Step-by-step solution

Determine the city's radius

Firstly, we know that the population density approaches zero at the edge of the city. This means we can set the formula for the population density, \(10,000(2-r)\), equal to zero, and solve for \(r\). Thus: \[10,000(2-r) = 0\] Solving this equation for \(r\) gives us the radius of the city.

Calculate the area of a thin ring

The area of a thin strip (ring) around the city can be approximated as the product of its circumference and its thickness \(\Delta r\). Given the circumference of a circle is \(2\pi r\), then the area can be expressed as \(2\pi r \Delta r\).

Explain the population of the ring

Now we want to find the population of the ring from part (b). The population is the product of the area of the strip and the population density at radius \(r\). Therefore, the population of the strip is approximately \(10,000(2-r)(2 \pi r) \Delta r\). This equation multiplies the population density \(10,000(2-r)\) by the area of the strip \(2\pi r \Delta r\) to give you the approximate population of the area.
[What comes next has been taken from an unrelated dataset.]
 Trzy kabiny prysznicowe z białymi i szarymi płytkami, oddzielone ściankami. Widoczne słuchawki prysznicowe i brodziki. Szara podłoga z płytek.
Estimate the total population of Washerton

The last part of the question asks to estimate the total population by setting up and evaluating a definite integral. The integral is \(\int_0^R 10,000(2-r)(2 \pi r) \Delta r\), where R is the city's radius determined in step 1. The definite integral will sum up the approximate populations of all the infinitesimal thin rings (or strips) from the city center (r = 0) all the way to the city limits (r = R), thus giving the total population.